During the Great Depression, Dr. Norris began to pastor in Detroit (Temple Baptist Church) and in Fort Worth (First Baptist Church) simultaneously in the 1930's-flying back and forth at a time when air travel was in its infancy.  Shuffling between two hugh churches in Texas and Michigan, Dr. Norris still found to hold record-breaking rallies, host a nationwide radio show and lead zealous political rallies.

In the late 1940s the combined membership of these ministries totaled more than 25,000. 

 

Crusader

J. Frank Norris was known as "the fighting fundamentalist".  He was constantly crusading for the fundamentals of Christianity against moderism.  He seemed, in some ways, predestined to take a major role in such battles.  His father was a drunkard and his mother was a devout Christian.  From the lesson of his father's sad state and the tragedies of family life that attended the alcoholic binges, he developed a passionate hatred for alcohol.  From his mother, he inherited a deep love for God.

He spent the first half of his career in Fort Worth trying to tame what remained of the Wild West in the city.  During the second half of his 43-year tenure at First Baptist Church, Dr. Norris took his no-compromise fundamentalism to state, national and international arenas. 

Immediately after becoming pastor of First Baptist Church, he became involved in local political efforts to clean up prostitution, saloon life and city government.  He

became the most vociferous anti-gambling voice in Tarrant County.  Through the pages of his paper, he launched an editorial campaign and organized a lobby that was to result in a bill in the Texas Legislature to outlaw ractrack bets.

 

Dr. Norris used the pulpit of First Baptist Church to attack vice and prostitution.  Hell's Half Acre, the "red light district" at the sound end of downtown Fort Worth became one of his main targets.  He joined forces with the officials from Camp Bowie, a major military training camp located nearby, to put pressure on city officials to enforce the law which eventually lead to the closing of the area.  Today, the Tarrant County Covention Center and the Water Gardens are located on this site.

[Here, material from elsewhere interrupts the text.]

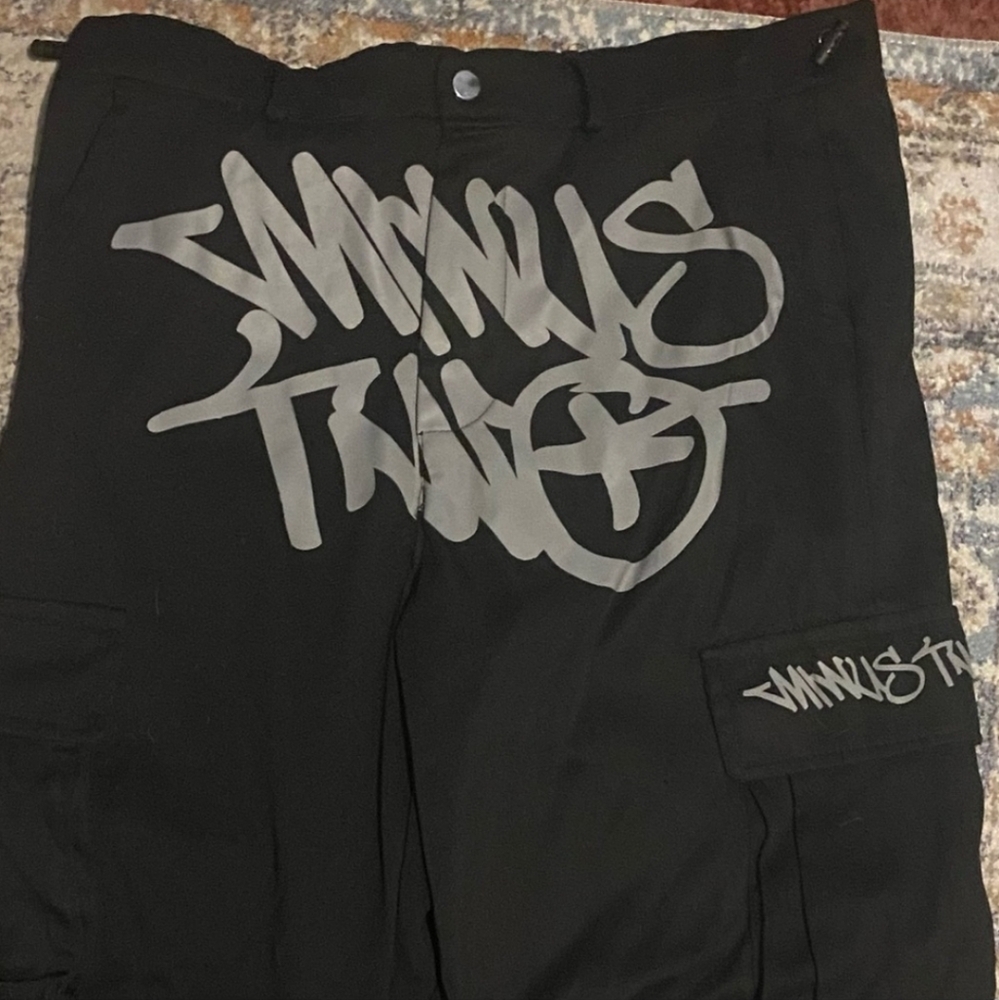 Mens Minus Two Black Cargo Pants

A mock funeral parade to "bury John Barleycorn" was held in 1919 when Prohibition passes.

Many times when he went to a town to hold a meeting, he would be denied the use of the city auditorium.  On one occassion he stated, "All that is needed is a flat bed truck, five acres and the blue sky." He had "an inordinate love of controversy" even in his student years at Baylor.

He was repeatedly threatened with hanging, shooting and being run out of town.

Dr. Norris joined William Jennings Bryan in his fight against evolution.  He was called by Bryan to Dayton, Tennessee, to be one of the key witnesses at the Scopes Trail.  He was not able to attend but did send a court stenographer to take down every word of trial.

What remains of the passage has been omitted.